Derivation of sediments iso-frequency map for the Litija basin (Central Slovenia) by microtremor analysis and implications for soil-structure resonance.
The town of Litija was hit in the last 120 years by four damaging earthquakes which reached intensities from VI to VII-VIII MSK. Also the historic seismicity contributes to relatively high seismic hazard in this area; the design ground acceleration for a rock site is 0.2 g for 475-year return period. Litija is situated in a shallow sedimentary basin formed at the location of a pronounced Sava river bend (Fig. 1). The basin is filled with relatively soft Quaternary sediments composed of gravel, sand and clay, which overlay Palaeozoic and Triassic bedrock. This indicates that site effects can enhance the seismic ground motion in case of an earthquake. Nevertheless, no microzonation study was performed so far in the area.
As a contribution to the first seismic microzonation, we decided to perform a study based on the microtremor Horizontal-to-Vertical Spectral Ratio (HVSR) method. This study was motivated by the two facts. The first is that no direct information from drilling or geophysical investigations is available on the thickness and physical properties of Quaternary sediments to support quantitative assessment of site effects by seismic modelling. Recent investigations have shown that the main resonance frequency of sediments ([f.sub.0]) can be used together with the average shear velocity in the upper 30 m ([Vs,.sub.30]), to improve classifications of sediments according to different seismic codes (e.g.

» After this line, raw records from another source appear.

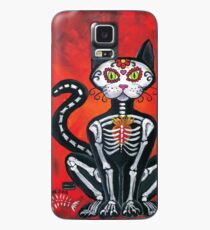Funda/vinilo para Samsung Galaxy Día de los Muertos Sugar Skull Cat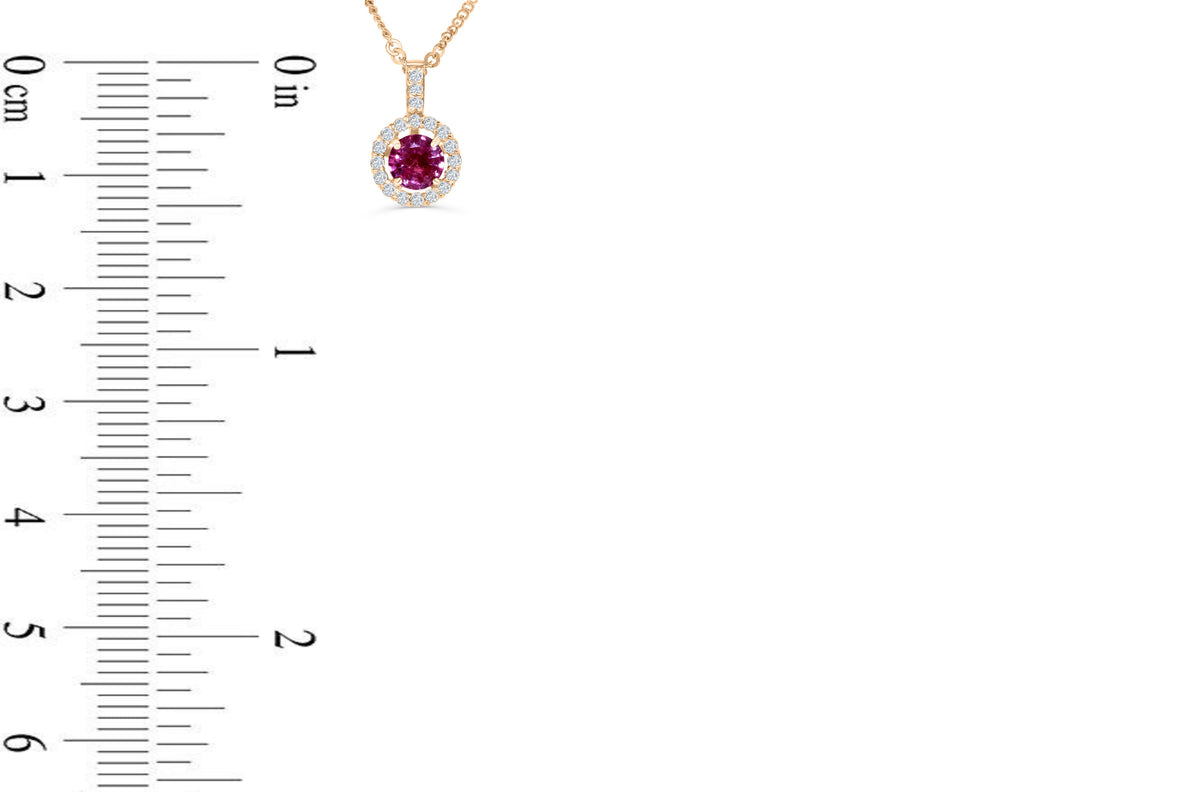 0.78 CT Round Cut Pink Sapphire Diamond Pendant 0.21 CT TW 14K Rose Gold PSPEN001 - NorthandSouthJewelry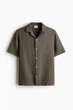 Рубашка из хлопка H&M 1257433003c68 S хаки (100015226) - изображение 1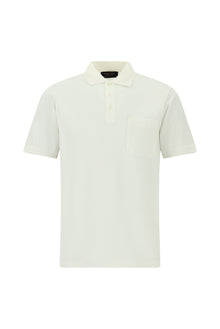 Kırık Beyaz Regular Fit Pamuk Merserize Nakışlı Polo Yaka T-shirt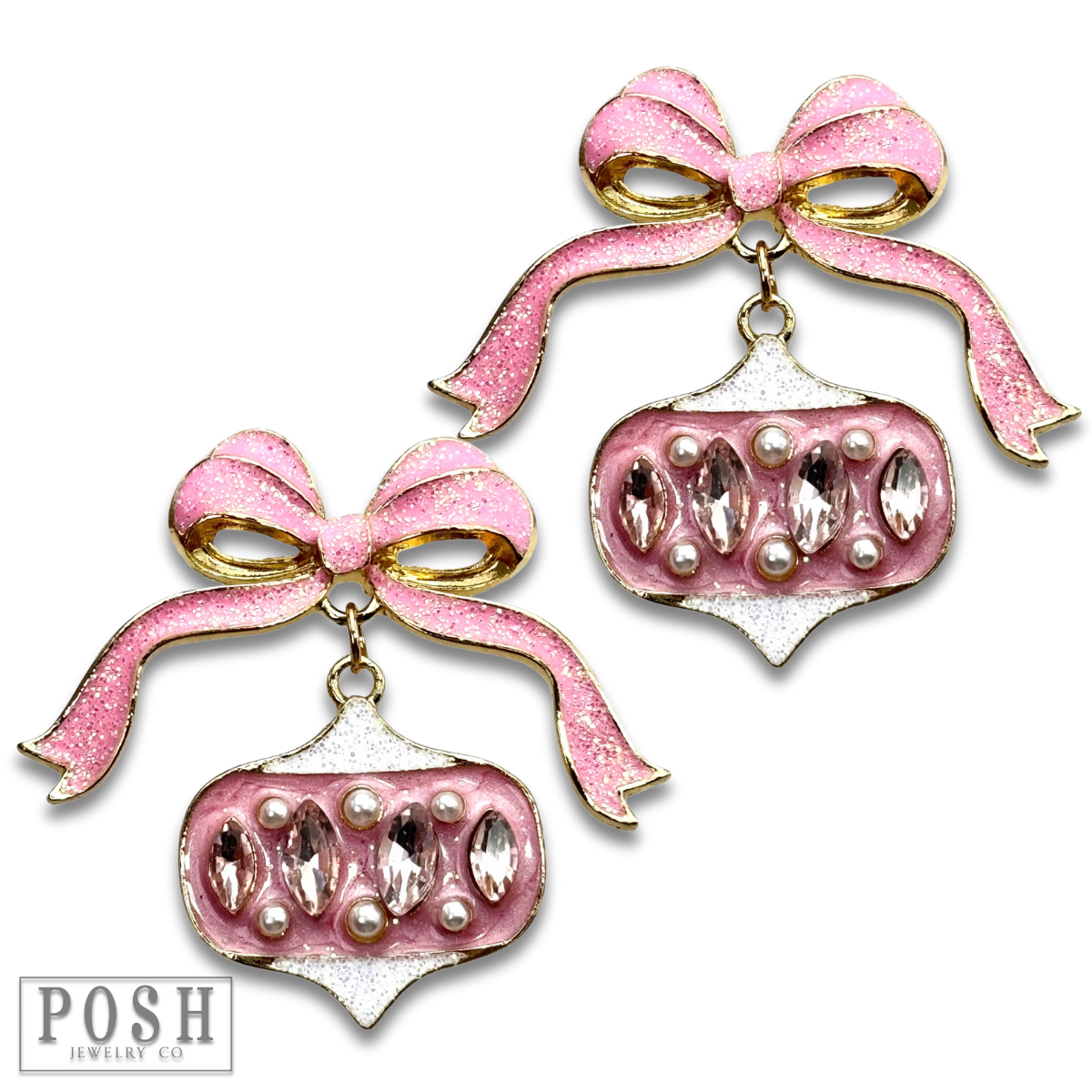 Pink Christmas ornament earring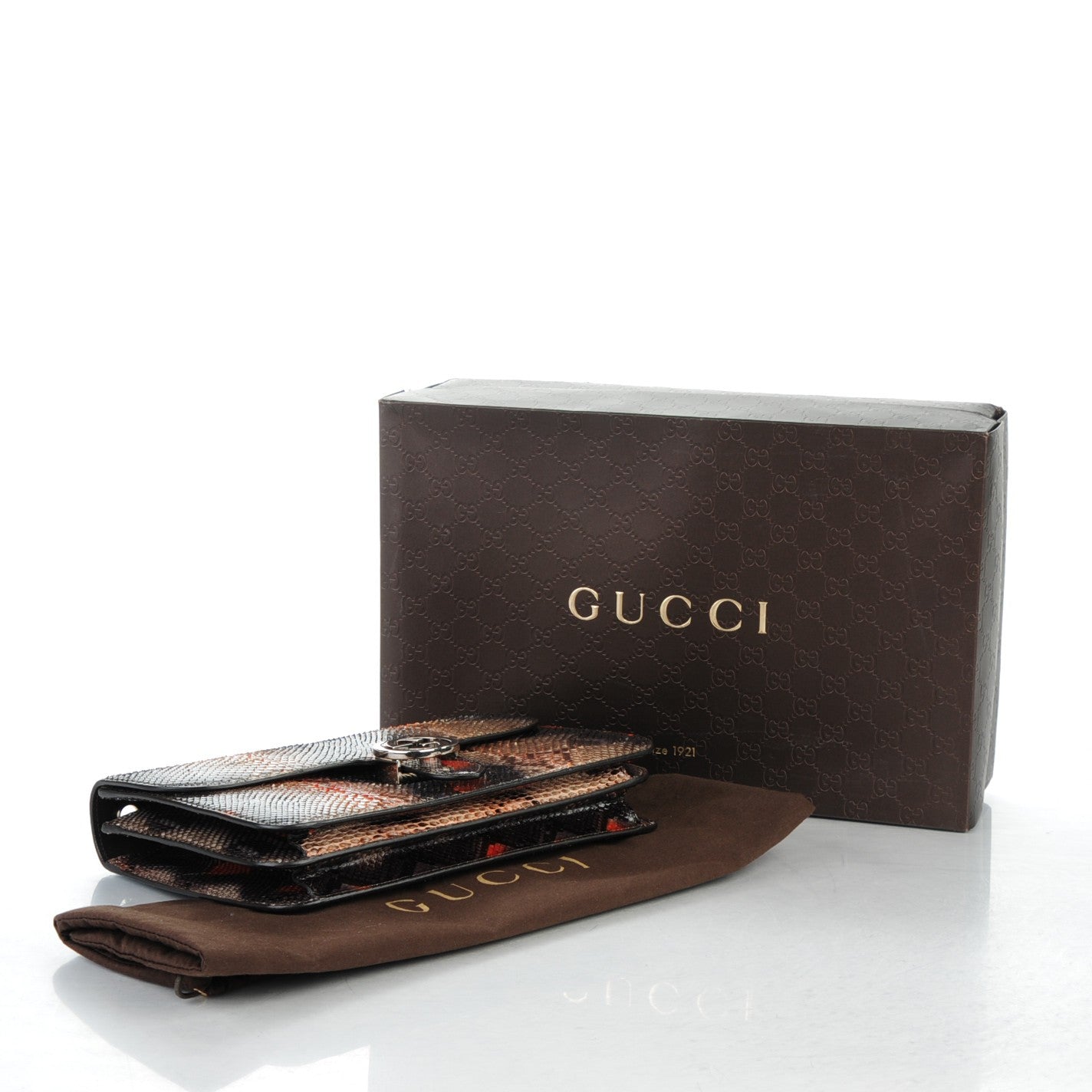 Gucci Python Medium Interlocking Shoulder Bag Grey Orange 4 of 7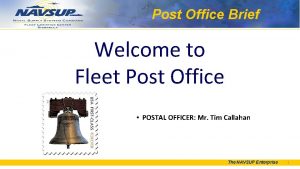 Post Office Brief Welcome to Fleet Post Office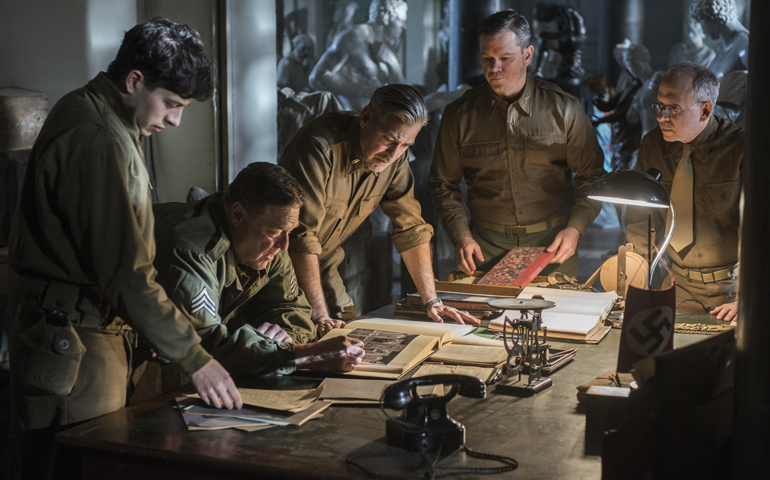 From left: Dimitri Leonidas, John Goodman, George Clooney, Matt Damon and Bob Balaban star in "The Monuments Men." (© 2013 Columbia Pictures Industries, Inc. and Twentieth Century Fox Film Corporation)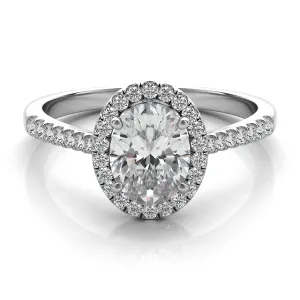 Oval Diamond Halo Engagement Ring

Luzi et al., 2011). The second reason is related to the height of the buildings which prevail in the area. Large majority of buildings in Litija have two or three floors, including the ground floor. For low-rise buildings relatively high fundamental frequencies are characteristic which can coincide with the frequency range of relatively thin sedimentary cover. Soil-structure resonance, which can enhance the damage, should be therefore considered in any seismic risk assessment (Gosar, 2012).
The aim of this study was to derive the sediments iso-frequency map for the urban part of the Litija basin and to compare the results with the building resonance frequencies. A detailed free-field microtremor survey was performed to accomplish the first task, which is the focus of this paper. For soil-structure resonance assessment we decided to consider larger building stock from different Slovenian towns in which microtremor measurements were conducted recently to derive the range of fundamental frequencies for comparison, because the building typology is similar in wider area. Determination of masonry building fundamental frequencies in five Slovenian towns, including Litija, by microtremor excitation and implication for seismic risk assessment is the focus of a complementary paper (Gosar, 2012).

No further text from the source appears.